Our work offers hope for patients with Type 2 Diabetes, as it opens up new treatment opportunities for the management of the disease. More funding must be pumped into developing innovative human-relevant techniques rather than animal research.”
Dr Adrian Biddle, Lecturer and cancer researcher at the Animal Replacement Centre, Queen Mary University London said,
“With the current demand for personalised medicine, the use of mice experiments to study tumour metastasis in the pharmaceutical industry is increasing.Such mouse experiments are very costly and have poor reproducibility in humans, therefore Human-based replacements are urgently needed to replace mice in research and produce better science. We are developing a direct replacement using human tumour material transplanted into a 3D model system. Already, laboratories within universities and industry are adopting our new cancer stem cell model in preference to animal experiments.”

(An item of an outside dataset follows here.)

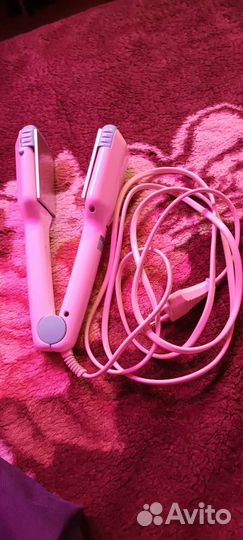 Утюжок для волос rowenta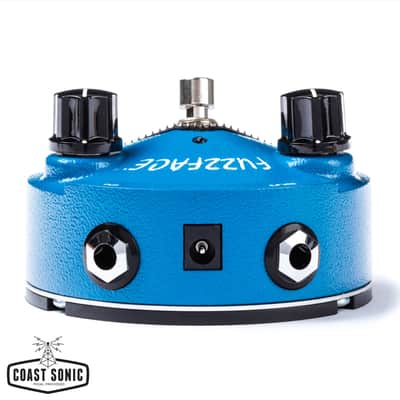 Mint Dunlop Silicon Fuzz Face Mini image 2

Professor Graeme Houston at the University of Dundee, said “As the NHS progresses into its 70th year, the need for technology to solve the healthcare problems of the UK and globally is greater than ever. Using the wonderful gift that people make by donating their bodies at death, rather than using animals, allows us to test and develop new healthcare technologies and train doctors in advanced techniques. Our work is really gaining momentum, and our testing model is more accurate than animals, providing scientific results that are more relevant to the human diseases we need to treat.”
Dr Hazel Jackson, Science Director of Animal Free Research UK, said “As we celebrate the NHS’s 70th year, we are experiencing a climate of ever-increasing demands on its resources.
With a growing, aging population, more and more of us are suffering from serious diseases. It is time for the UK to stop and seriously question its current medical research strategy.
This almost negligible decrease in the number of animal experiments is simply too little too late.
Instead of continuing to pump money into outdated, cruel and often misleading animal research, more needs to be done to invest in the UK’s expert researchers who are developing innovative, human-relevant methods which are best placed to discover treatments for debilitating human diseases.”